INSTRUCTIONS FOR THE TASK —
Copy nothing but the lines below running from the line containing "גבוה⁩ – תמונה ⁦2⁩" through the line containing "DreamBid. Image 12.", both end lines included.

MATERIAL PROVIDED —
◇ ◇ ◇ ◇ ◇ ◇ ◇

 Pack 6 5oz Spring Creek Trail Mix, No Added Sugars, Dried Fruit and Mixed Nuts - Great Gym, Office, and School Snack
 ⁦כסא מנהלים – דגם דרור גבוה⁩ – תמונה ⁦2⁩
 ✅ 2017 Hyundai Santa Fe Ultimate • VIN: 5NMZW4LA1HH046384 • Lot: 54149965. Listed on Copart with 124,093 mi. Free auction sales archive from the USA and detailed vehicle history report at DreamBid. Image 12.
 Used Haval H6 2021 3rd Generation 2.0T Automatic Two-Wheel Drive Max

◇ ◇ ◇ ◇ ◇ ◇ ◇

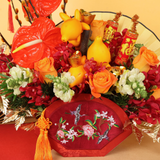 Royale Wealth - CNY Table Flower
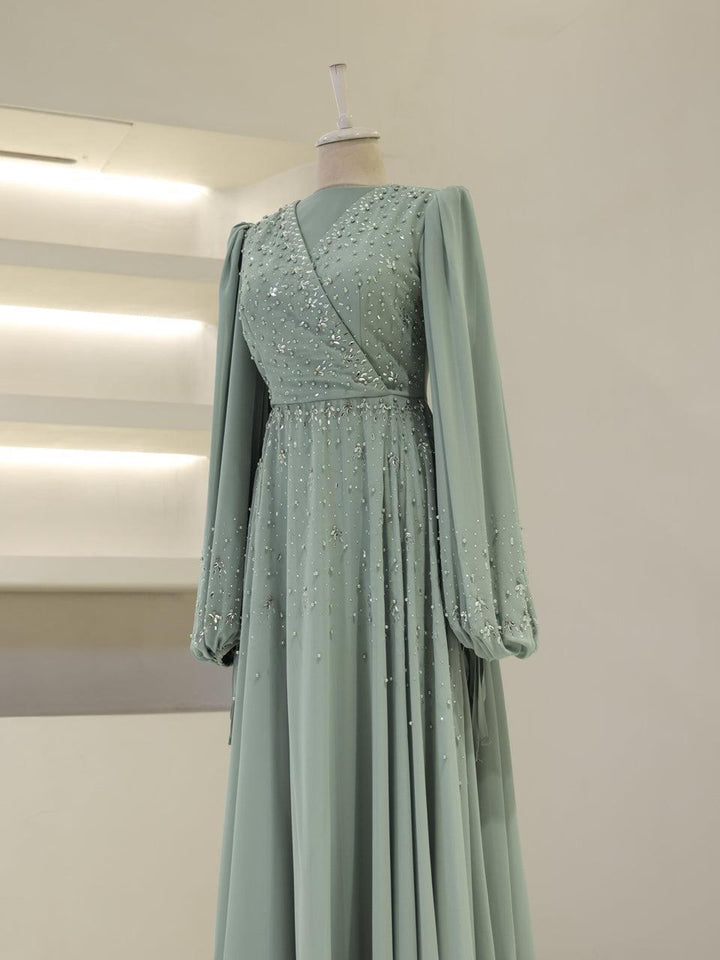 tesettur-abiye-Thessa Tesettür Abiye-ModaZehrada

◇ ◇ ◇ ◇ ◇ ◇ ◇

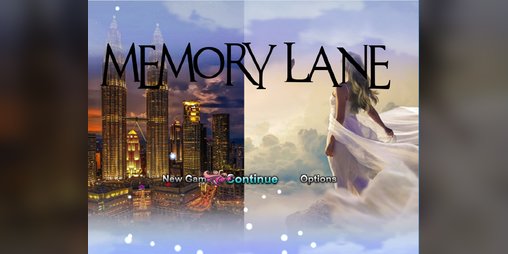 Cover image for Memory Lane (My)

◇ ◇ ◇ ◇ ◇ ◇ ◇

TASK RESULT —
 ⁦כסא מנהלים – דגם דרור גבוה⁩ – תמונה ⁦2⁩
 ✅ 2017 Hyundai Santa Fe Ultimate • VIN: 5NMZW4LA1HH046384 • Lot: 54149965. Listed on Copart with 124,093 mi. Free auction sales archive from the USA and detailed vehicle history report at DreamBid. Image 12.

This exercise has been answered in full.